C’est pourquoi, rationner Internet, comme le propose Najat Vallaud-Belkacem, est au contraire une « très bonne idée », selon Françoise Berthoud, écologue au CNRS. Elle estime : « 10 gigaoctets par mois c’est largement suffisant pour une vie professionnelle et personnelle très active, à condition de limiter sa consommation de vidéos haute définition ! ». Pour vous donner un exemple, télécharger un film en très haute définition comme Pulp Fiction sur Netflix, cela pèse déjà environ 10 gigaoctets, note un rapport de Greenpeace.

La chercheuse, qui utilise elle-même moins de 3 Go hebdomadaire, ajoute : « Limiter Internet aura des effets bénéfiques en cascade, dont la réduction des équipements (smartphone, tablettes…) puisque les besoins auront diminué ».

De son côté, Frédéric Bordage, qui n’est donc pas favorable à la « rationalisation » d’Internet, estime qu’il serait plus judicieux d’« écoconcevoir les contenus et autres services numériques pour en réduire la taille, en permettant aux utilisateurs du streaming de choisir la qualité d’image, voire en proposant des remises à ceux qui n’activent pas systématiquement la très haute résolution (4K) ».

Donner 10 ans pour réparer, mieux appliquer les lois

Les deux experts s’accordent néanmoins pour dire qu’il existe des solutions plus efficaces à la restriction d’Internet pour verdir le numérique. Ils appellent en priorité à allonger la durée de vie de nos équipements.

Sur ce point, Françoise Berthoud propose d’augmenter la durée de la « garantie légale de conformité ». Cette réglementation européenne permet aux consommateurs de faire réparer un appareil défectueux en un laps de temps de deux ans.
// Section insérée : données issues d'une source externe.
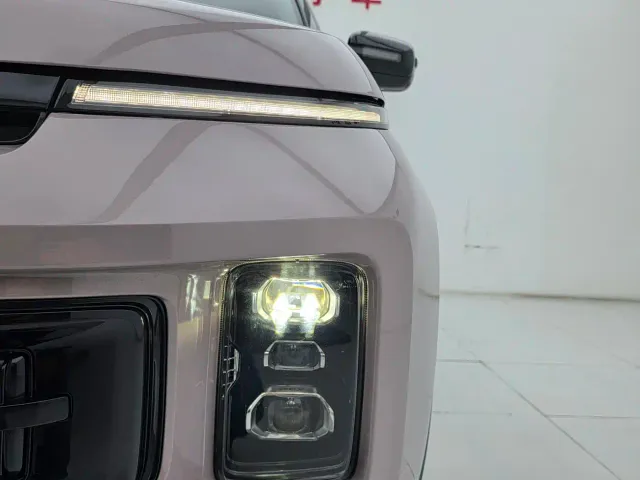 Geely Geely ICON 2026 Chocolate 1.5TD Pure Edition — Фото автомобиля 17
L’ingénieure plaide pour que cette garantie soit rallongée à cinq ans, voire dix, afin de favoriser la réparation plutôt que le rachat. « Une telle mesure nécessite bien évidemment une réflexion collective de nos pratiques », souligne-t-elle.

Ensuite, la fondatrice d’Ecoinfo, un groupe de scientifiques qui étudient l’impact des nouvelles technologies sur la société, plaide pour l’amélioration et l’application des lois en vigueur. Il existe notamment en France la loi de 2017 sur le devoir de vigilance des entreprises, fixant des obligations en matière environnementale et de droits humains. Mais Françoise Berthoud rappelle que des sociétés arrivent à contourner cette législation : « Par exemple, on sait très bien que le coltan – notamment utilisé pour la fabrication de nos portables et ordinateurs – en provenance du Rwanda ne vient pas de ce pays – qui n’en a pas dans son sol – mais très probablement de zones de Répulique du Congo où les droits ne sont pas respectés en plus des conflits qui tuent encore !  », dénonce-t-elle.
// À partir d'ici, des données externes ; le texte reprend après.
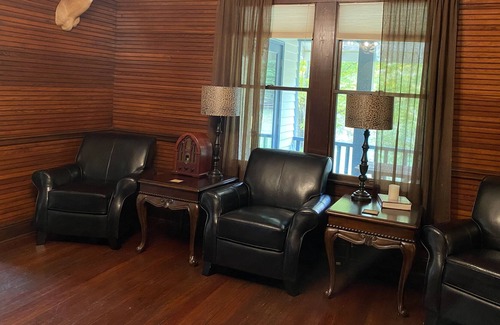 Mars Hill House | Historic Lodge and Event Center with 12 bedrooms on 14 acres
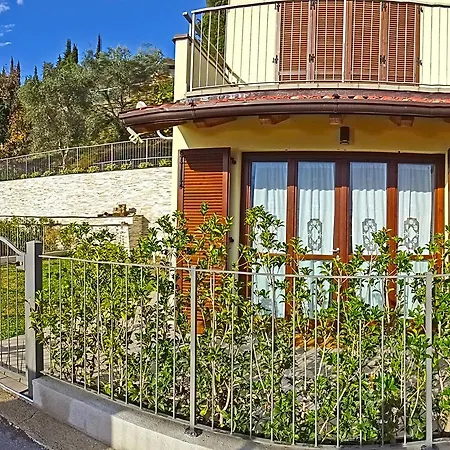 La Quiete17 Fenced Garden By Gardadomusmea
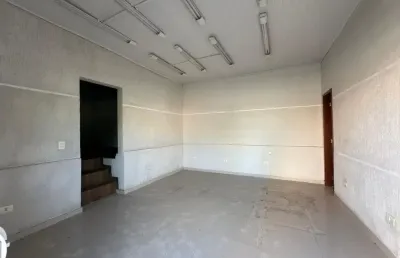 Sala comercial térrea em ótima localização com aproximadamente 35m² - cód. 05.006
En revanche, chercher « l’optimisation, l’efficacité » des nouvelles technologies pour rendre le numérique plus vert est un leurre, selon l’écologue. Pour appuyer ses propos, elle évoque l’expérience du déploiement de la 5G, une technologie permettant de transmettre très rapidement beaucoup de données, qui a entraîné un effet rebond dommageable. En effet, la 5G vantée pour son efficacité par rapport à la 4G, s’est avérée bien plus énergivore, car elle « transporte plus de données en volume », explicite la scientifique. Pour Françoise Berthoud, la technologie 5G est le parfait exemple pour démontrer que chercher à concilier la transition numérique et écologique est « purement idéologique ».